> **SUPPLIED MATERIAL**
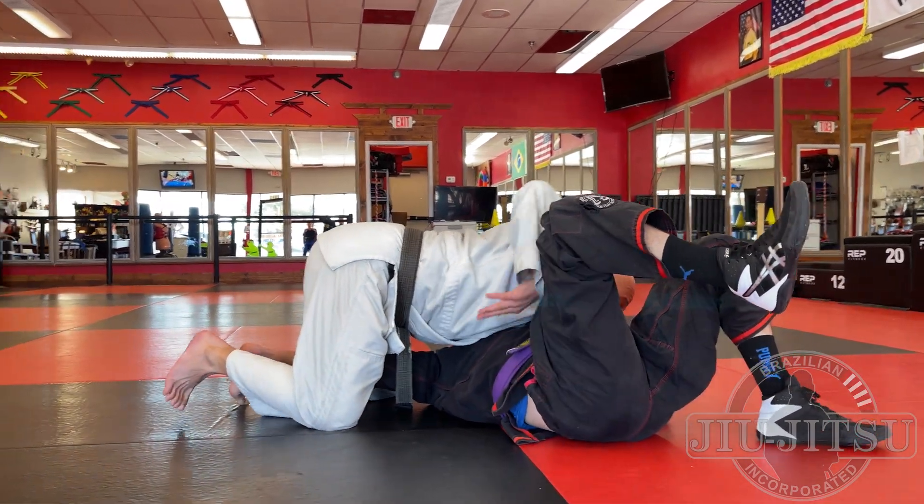The trick to holding someone down is keeping in mind there are three general ways of escaping: replacing the guard, bridge and roll, or going to his knees. In control position number three — checking the hip, keeping hips down, driving weight over the top of the shoulder — go ahead, escape me. Can't replace to guard, can't bridge and roll. I'm here.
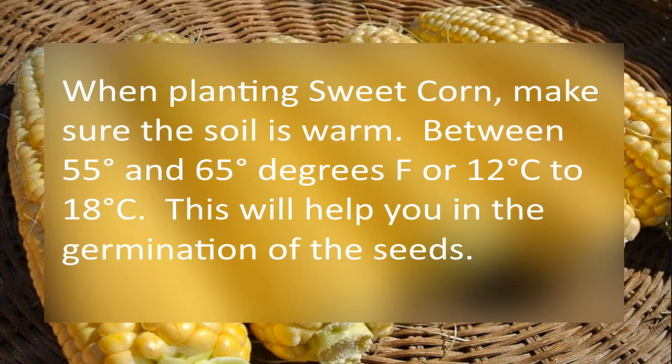When planting your sweet corn, make sure the soil is warm between 55 and 65 degrees Fahrenheit, or 12 to 18 degrees Celsius. This will help in the germination of the seeds.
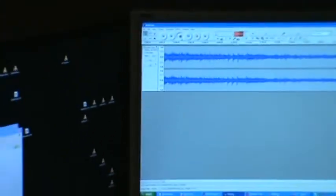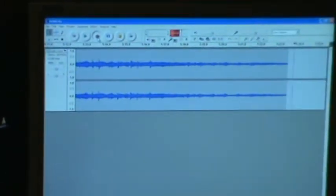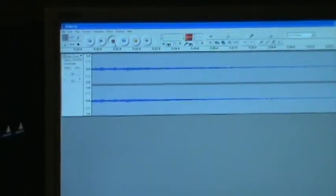I used the Pioneer as a preamp and come out the tape outputs into the computer. I record a side at a time in Audacity — just one big file per side. I go through and clean up any pops and clicks, bring the level up, then export individually as WAV files. Later I'll convert them into MP3s for on-the-go convenience.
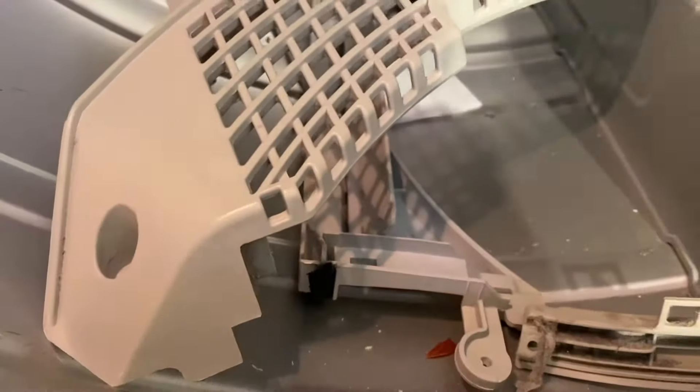I thought I lost a screw. It turns out I didn't. All right. Whew.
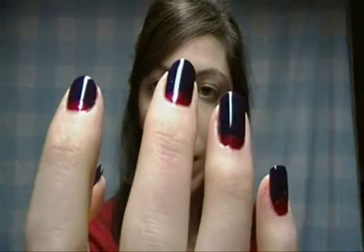Hey guys, so I have another nail tutorial for you, and this is the look that I came up with.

> **WHAT THIS TASK INVOLVES**
In transcribing the records, omit the pictures and keep everything else exactly as it appears.

> **ANSWER TO THIS PROBLEM**
The trick to holding someone down is keeping in mind there are three general ways of escaping: replacing the guard, bridge and roll, or going to his knees. In control position number three — checking the hip, keeping hips down, driving weight over the top of the shoulder — go ahead, escape me. Can't replace to guard, can't bridge and roll. I'm here.
When planting your sweet corn, make sure the soil is warm between 55 and 65 degrees Fahrenheit, or 12 to 18 degrees Celsius. This will help in the germination of the seeds.
I used the Pioneer as a preamp and come out the tape outputs into the computer. I record a side at a time in Audacity — just one big file per side. I go through and clean up any pops and clicks, bring the level up, then export individually as WAV files. Later I'll convert them into MP3s for on-the-go convenience.
I thought I lost a screw. It turns out I didn't. All right. Whew.
Hey guys, so I have another nail tutorial for you, and this is the look that I came up with.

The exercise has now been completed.